Include rb.h in your source.

Make_rb() returns the head of a red-black tree.  It serves two functions:
Its p.root pointer points to the root of the red-black tree.  Its 
c.list.flink and c.list.blink pointers point to the first and last 
external nodes of the tree.  When the tree is empty, all these pointers
point to itself.

The external nodes can be traversed in sorted order with their
c.list.flink and c.list.blink pointers.  The macros rb_first, rb_last,
rb_next, rb_prev, and rb_traverse can be used to traverse external node lists.

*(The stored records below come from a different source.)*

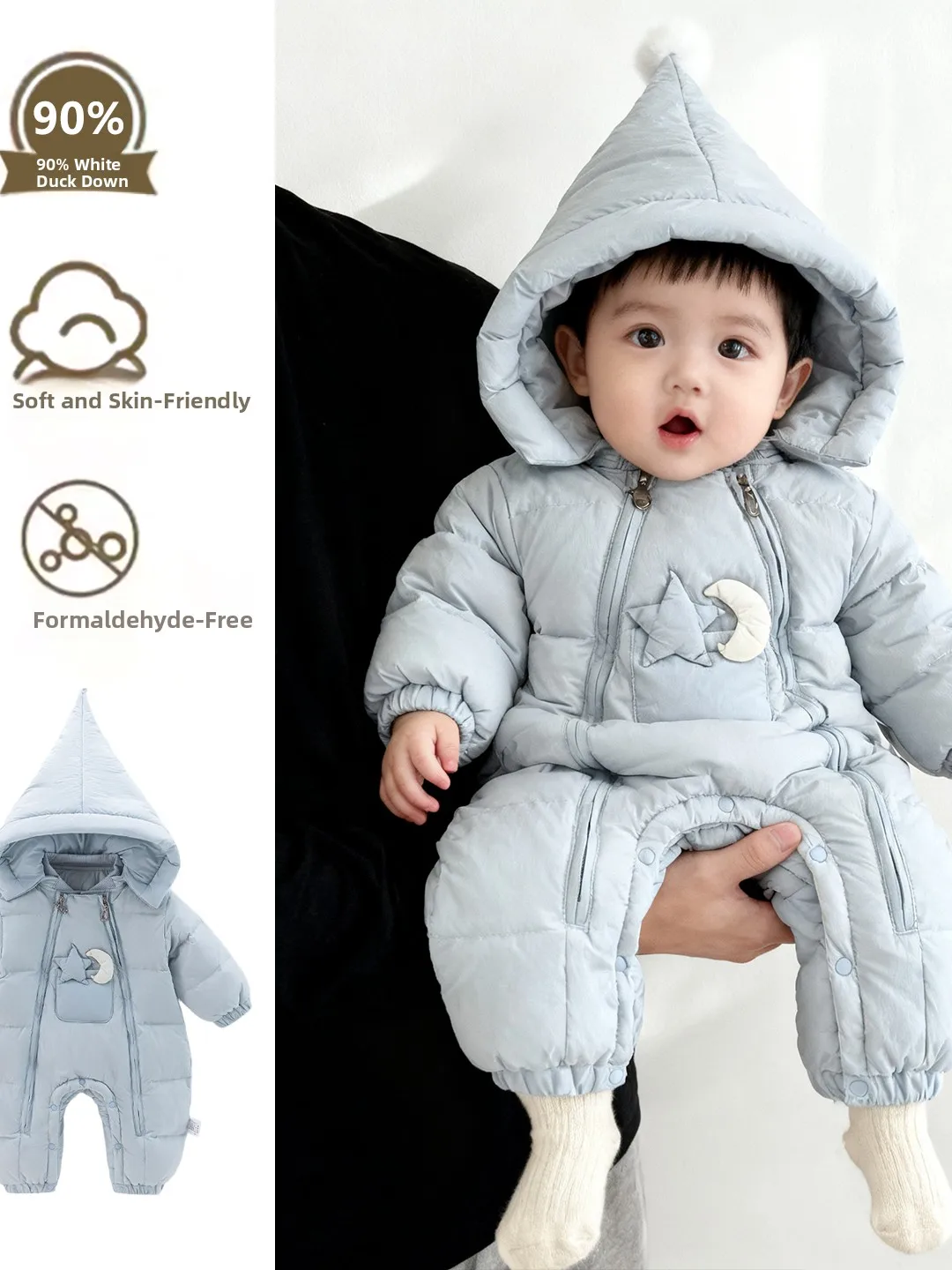 

Baby Boy down Onesie Lightweight Faionable Winter Outfit White Du down Warm Windproof Clothes for Infants And Toddlers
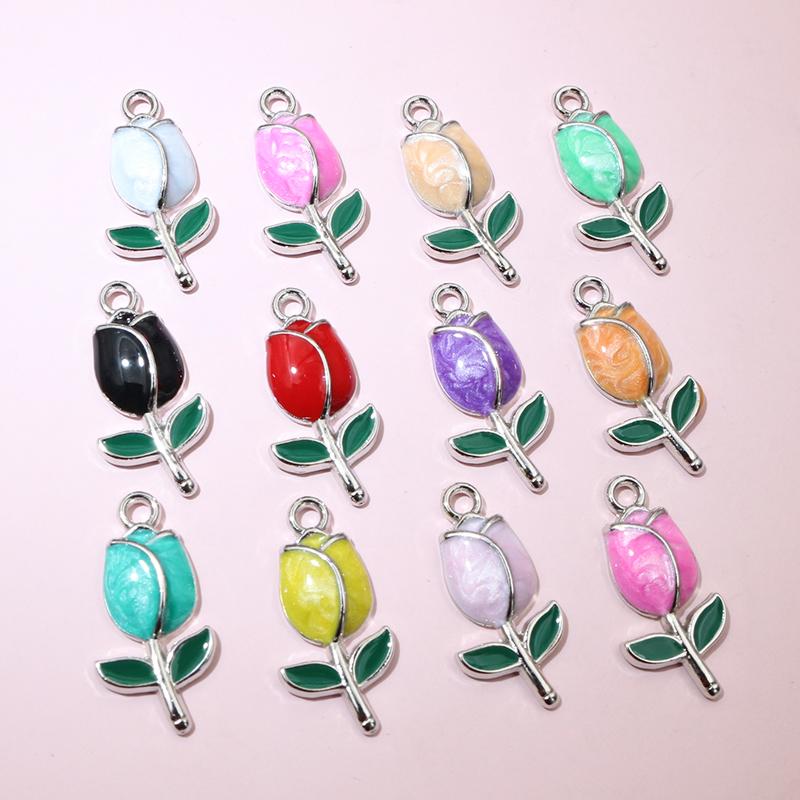 20pcs 21x10mm Enamel Rose Bud Flower Charms Pendant Alloy Metal DIY Jewelry Making Accessories Findings for Necklace Earrings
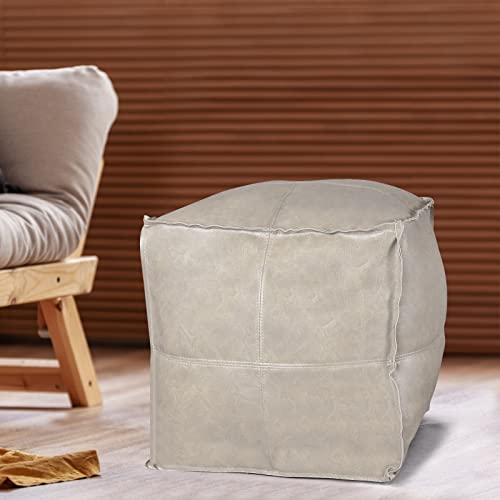 Pouf Ottoman, Unstuffed Pouf Cover, Handmade Faux PU Leather Moroccan, Orange Brown 17.7" Square, Foot Rest for Living Room, Floor Chair Gifts for Men Women…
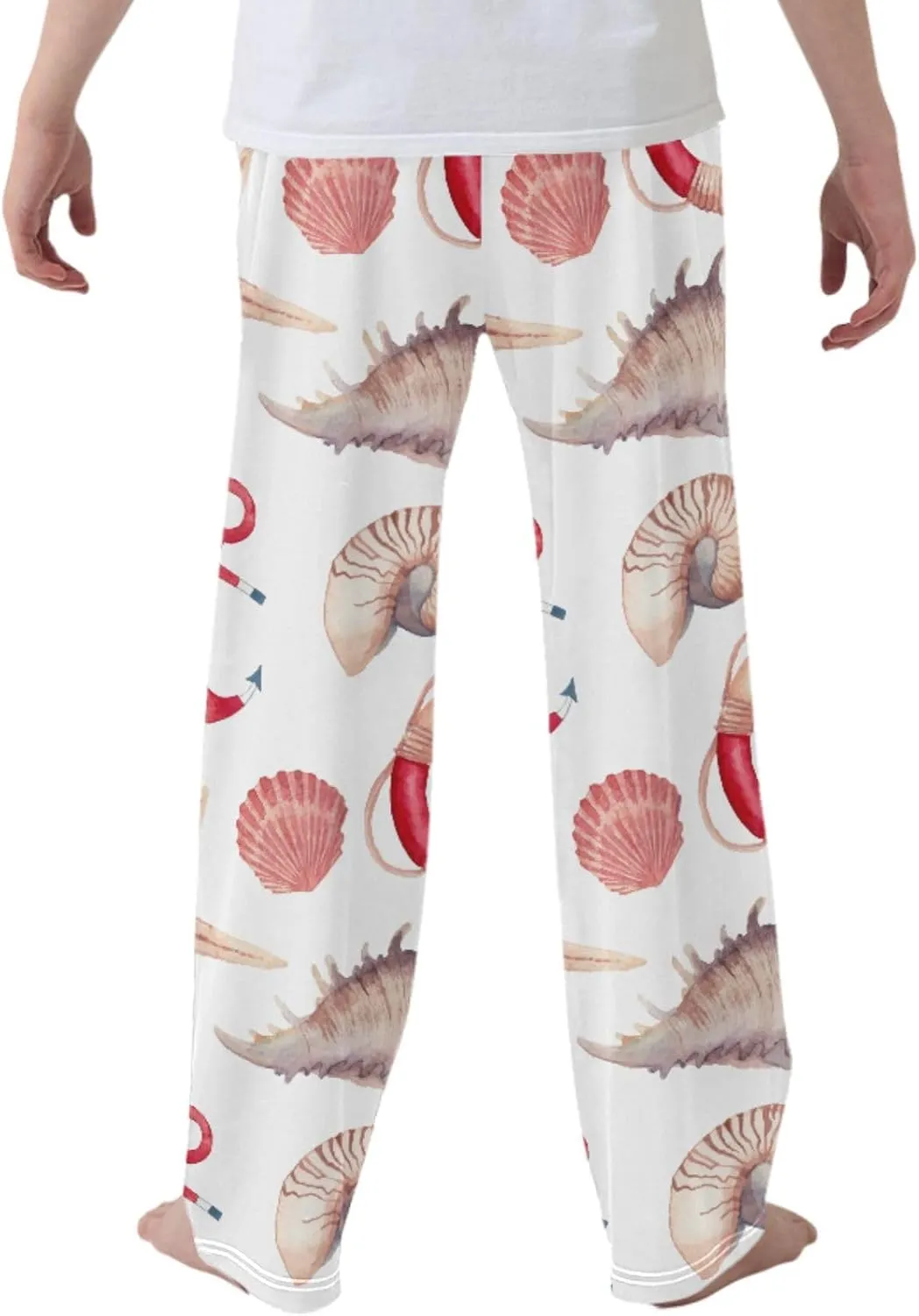 Pigsaly Boys' Pants Sea Shells Stars Anchor Long Bottoms Red White Lifebuoy Jogger Pants Elastic Waist Trousers Pockets S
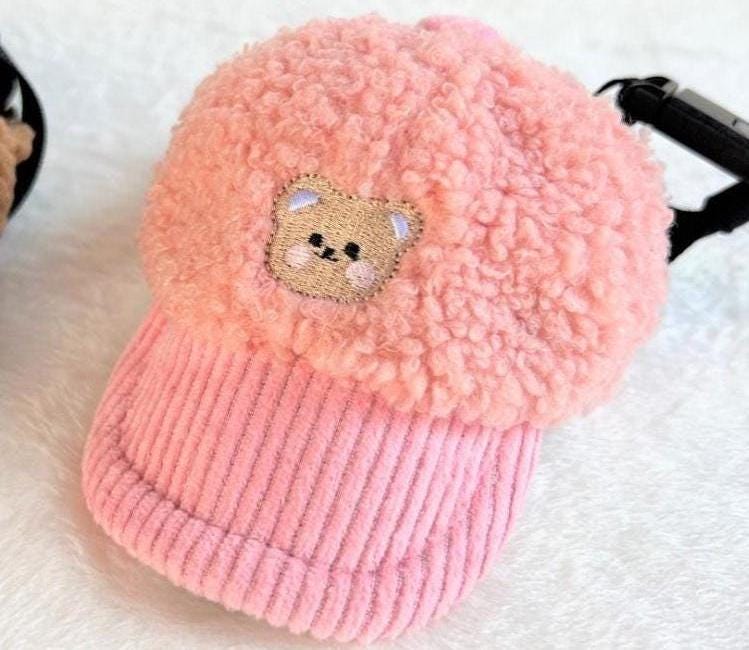 Pink Teddy Fleece Cap with bear embroidery and corduroy brim
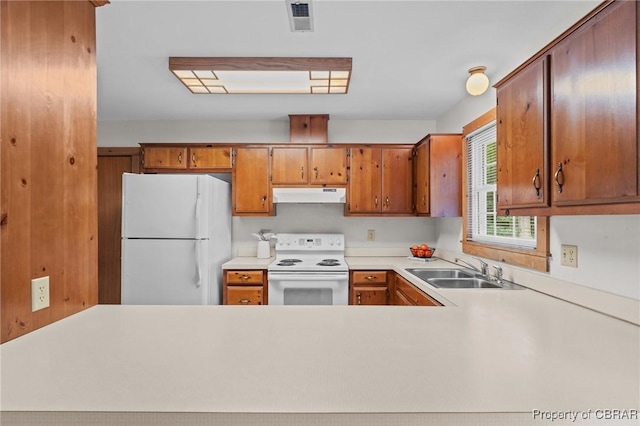 11192 Eventide Ln, Gloucester, VA 23061 - kitchen with white appliances, under cabinet range hood, light countertops, brown cabinetry, and a peninsula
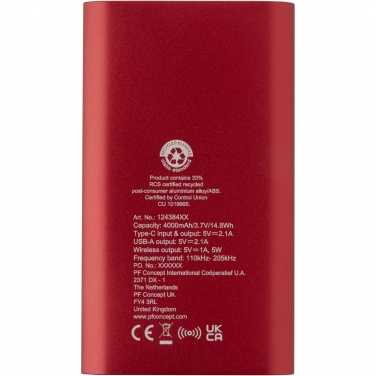 Logotrade ziemassvētku dāvanas foto: Juice 4000 mAh C tipa pārstrādāta alumīnija bezvadu barošanas banka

External nodes hold two pieces of information: the key and the value
(in k.key and v.val, respectively).   The key can be a character 
string, an integer, or a general pointer.  Val is typed as a character
pointer, but can be any pointer.  If the key is a character string, 
then one can insert it, and a value into a tree with rb_insert().  If
it is an integer, then rb_inserti() should be used.  If it is a general 
pointer, then rb_insertg() must be used, with a comparison function 
passed as the fourth argument.  This function takes two keys as arguments,
and returns a negative value, positive value, or 0, depending on whether
the first key is less than, greater than or equal to the second.  Thus,
one could use rb_insertg(t, s, v, strcmp) to insert the value v with 
a character string s into the tree t.

Rb_find_key(t, k) returns the external node in t whose value is equal
k or whose value is the smallest value greater than k.  (Here, k is
a string).  If there is no value greater than or equal to k, then 
t is returned.  Rb_find_ikey(t,k) works when k is an integer, and 
Rb_find_gkey(t,k,cmp) works for general pointers.

Rb_find_key_n(t, k, n) is the same as rb_find_key, except that it
returns whether or not k was found in n (n is an int *).  Rb_find_ikey_n
and Rb_find_gkey_n are the analogous routines for integer and general
keys.

Rb_insert_b(e, k, v) makes a new external node with key k and val v, and 
inserts it before the external node e.  If e is the head of a tree, 
then the new node is inserted at the end of the external node list.
If this insertion violates sorted order, no error is flagged.  It is 
assumed that the user knows what he/she is doing.  Rb_insert_a(e,k,v)
inserts the new node after e (if e = t, it inserts the new node at the
beginning of the list).

Rb_insert() is therefore really a combination of Rb_find_key() and
Rb_insert_b().

Rb_delete_node(e) deletes the external node e from a tree (and thus from 
the linked list of external nodes).  The node is free'd as well, so
don't retain pointers to it.

Red-black trees are spiffy because find_key, insert, and delete are all
done in log(n) time.  Thus, they can be freely used instead of hash-tables,
with the benifit of having the elements in sorted order at all times, and
with the guarantee of operations being in log(n) time.

Other routines:

Rb_print_tree() will grossly print out a red-black tree with string keys.
Rb_iprint_tree() will do the same with trees with integer keys.
Rb_nblack(e) will report the number of black nodes on the path from external
  node e to the root.  The path length is less than twice this value.
Rb_plength(e) reports the length of the path from e to the root.


You can find a general description of red-black trees in any basic algorithms
text.  E.g. ``Introduction to Algorithms'', by Cormen, Leiserson and Rivest
(McGraw Hill).  An excellent and complete description of red-black trees
can also be found in Chapter 1 of Heather Booth's PhD disseratation:
``Some Fast Algorithms on Graphs and Trees'', Princeton University, 1990.